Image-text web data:
§

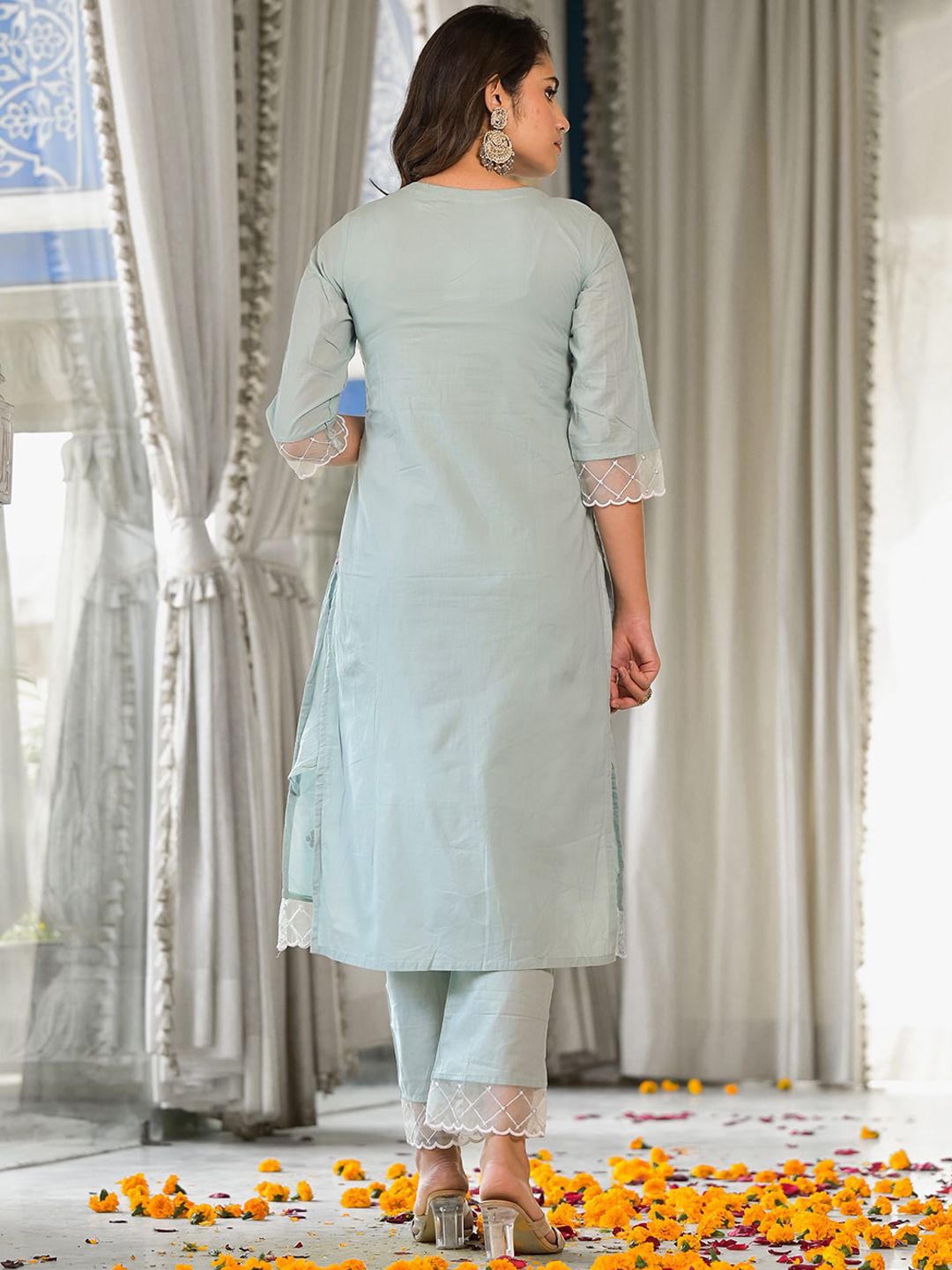 Indyancart VA Women'sEmbroidered Sequinned Pure Cotton Kurta With Trousers & Dupatta
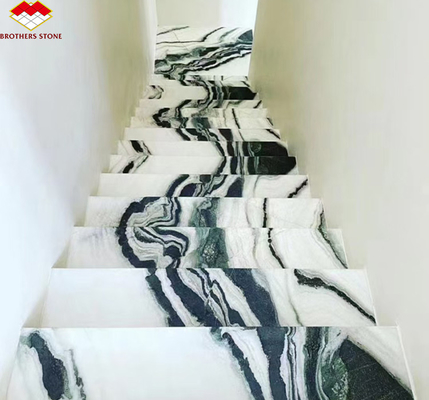 Scale d'albergo moderno fratelli Pietra Panda Bianco Marmo Piste e risers Anti slittare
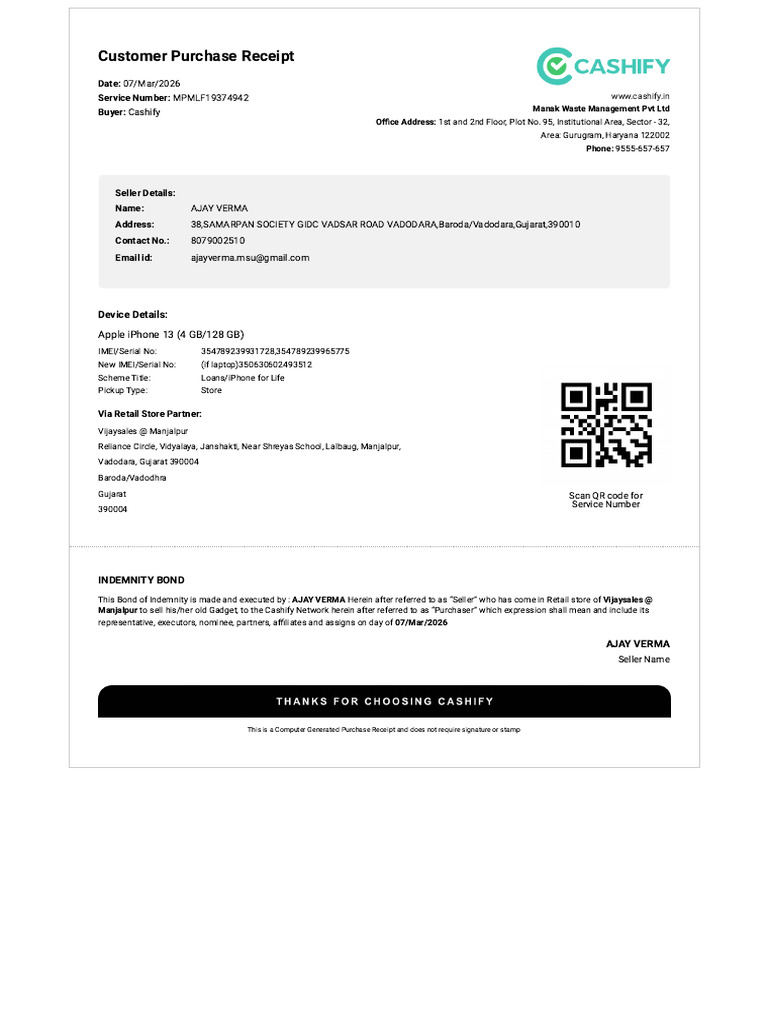 MPMLF19374942-PurchaseReceipt1772901450303 | PDF | I Phone | Consumer ...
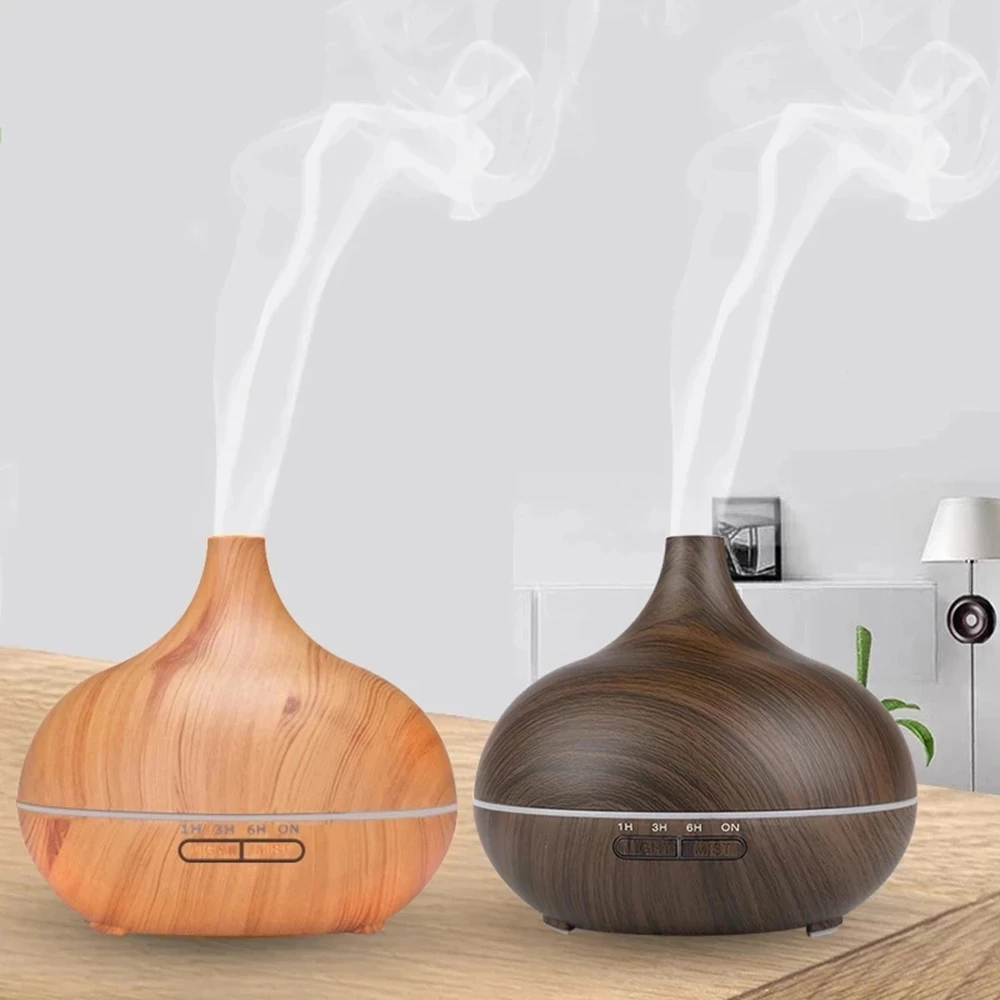 Air Humidifier Electric Air Diffuser Aroma Humidifier Mist Wood Grain Oil Aromatherapy Mist Maker LED Light For Car Home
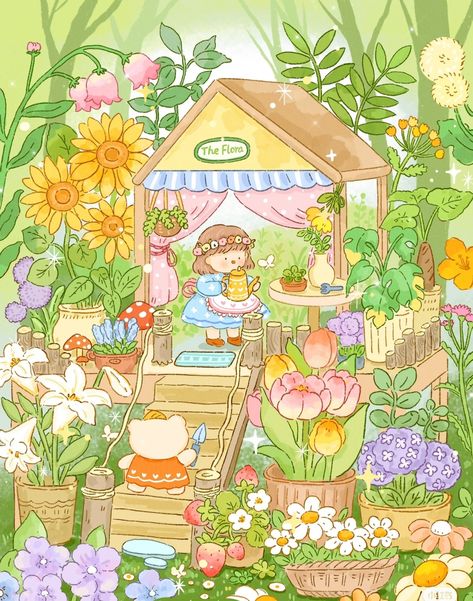 Kawaii Garden, Village Drawing, Paper Dolls Diy, Storybook Art, Cute Kawaii Animals, Isometric Art, Cute Animal Clipart, Cute Doodle Art, Kawaii Doodles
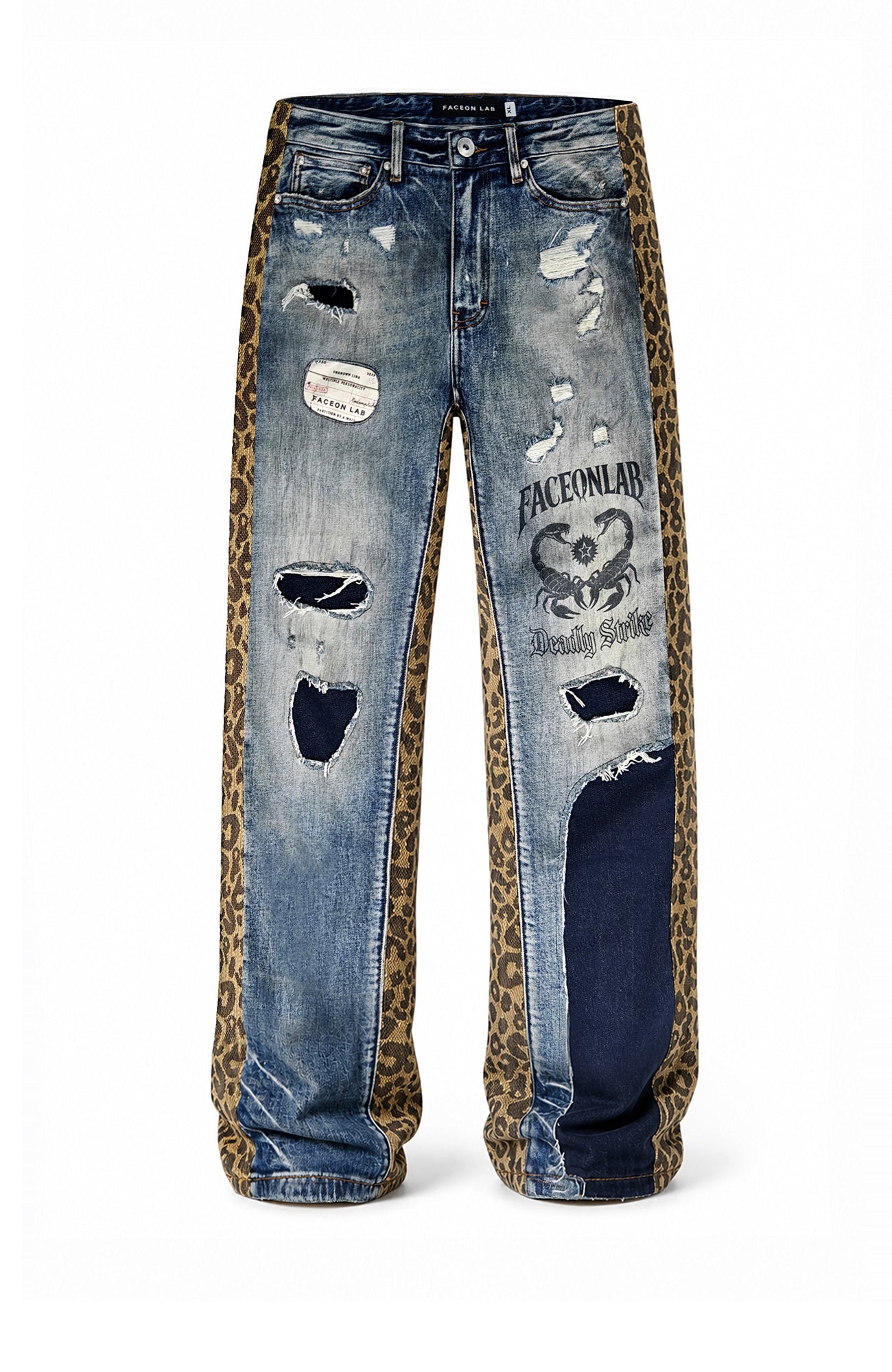 FACEONLAB Leopard Panel Distressed Straight-Leg Jeans-Jeans-M (preorder)-Free Shipping Leatheretro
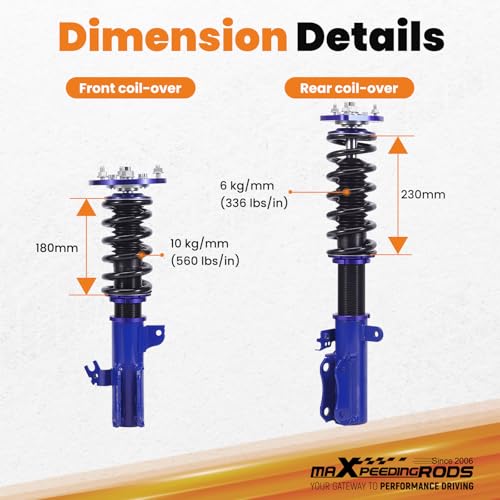 maXpeedingrods Coilovers for Toyota Camry 1992-2001, Avalon 1995-2003 - color: Blue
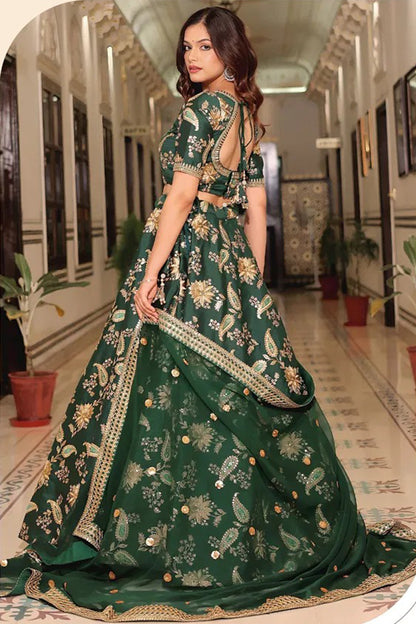 Satin and georgette lehenga choli with sequins accents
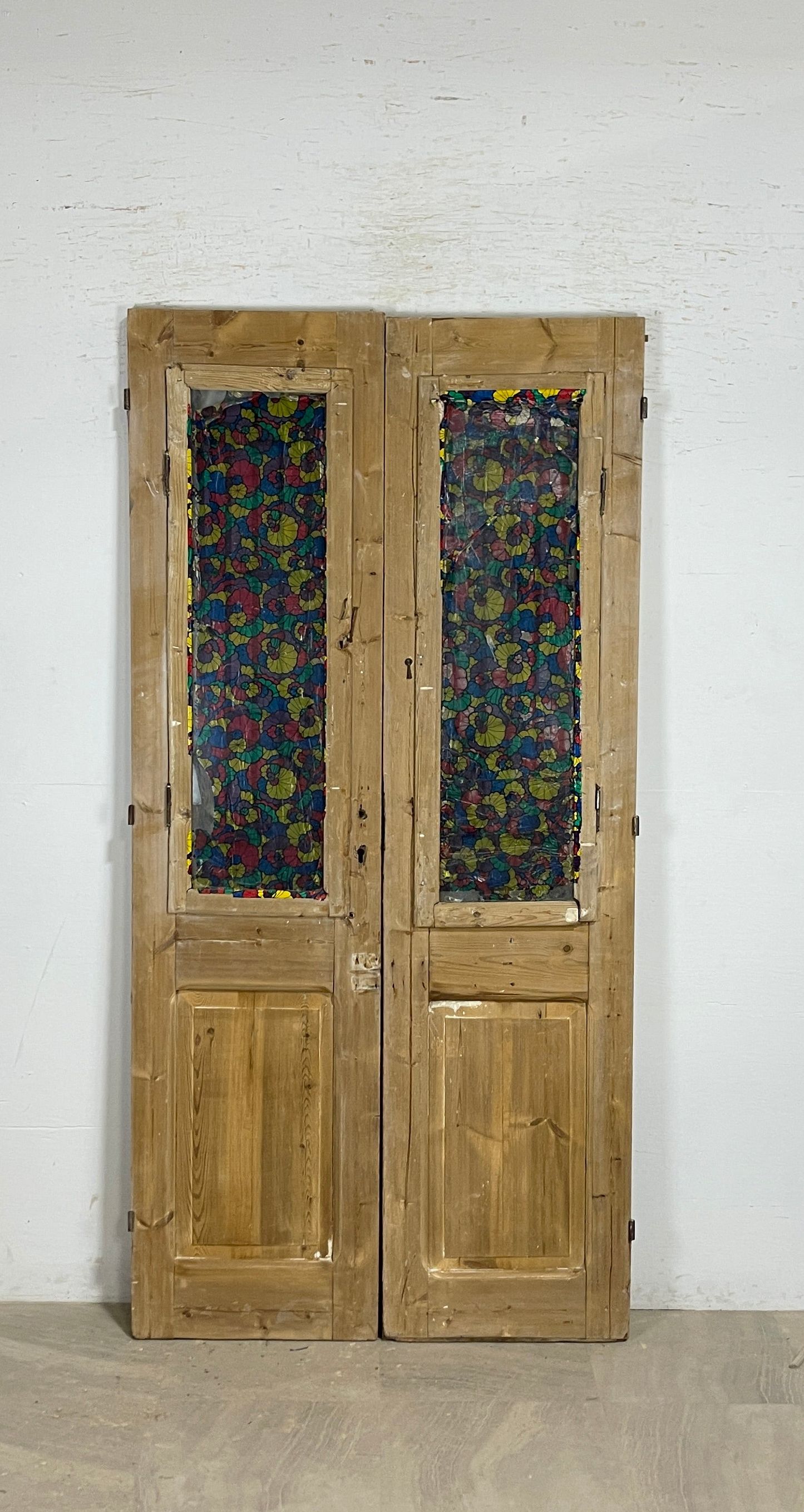 Antique French panel doors with Metal (89x44) P113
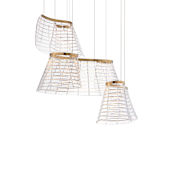 ET2 Tartan 3 Light 24" Wide LED Abstract Multi Light Pendant Brushed Champagne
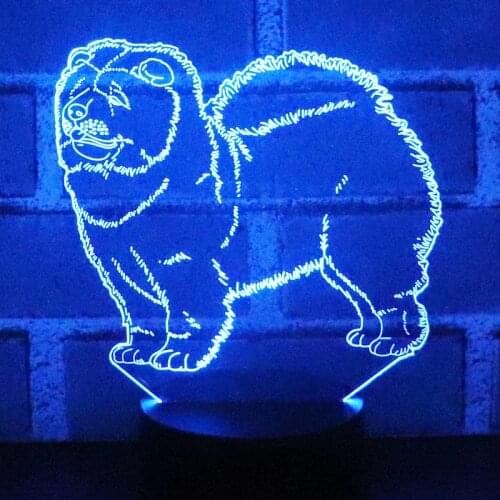 3D Lamp Chow Chow Dog Desk Table Light 7 Colors Changing Touch Control Lamp Gift for Christmas Birthday Valentines Day Kids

§

### What to work on
Word-for-word output of every record is needed, with images omitted.

### Answer
 Indyancart VA Women'sEmbroidered Sequinned Pure Cotton Kurta With Trousers & Dupatta
 Scale d'albergo moderno fratelli Pietra Panda Bianco Marmo Piste e risers Anti slittare
 MPMLF19374942-PurchaseReceipt1772901450303 | PDF | I Phone | Consumer ...
 Air Humidifier Electric Air Diffuser Aroma Humidifier Mist Wood Grain Oil Aromatherapy Mist Maker LED Light For Car Home
 Kawaii Garden, Village Drawing, Paper Dolls Diy, Storybook Art, Cute Kawaii Animals, Isometric Art, Cute Animal Clipart, Cute Doodle Art, Kawaii Doodles
 FACEONLAB Leopard Panel Distressed Straight-Leg Jeans-Jeans-M (preorder)-Free Shipping Leatheretro
 maXpeedingrods Coilovers for Toyota Camry 1992-2001, Avalon 1995-2003 - color: Blue
 Satin and georgette lehenga choli with sequins accents
 Antique French panel doors with Metal (89x44) P113
 ET2 Tartan 3 Light 24" Wide LED Abstract Multi Light Pendant Brushed Champagne
 3D Lamp Chow Chow Dog Desk Table Light 7 Colors Changing Touch Control Lamp Gift for Christmas Birthday Valentines Day Kids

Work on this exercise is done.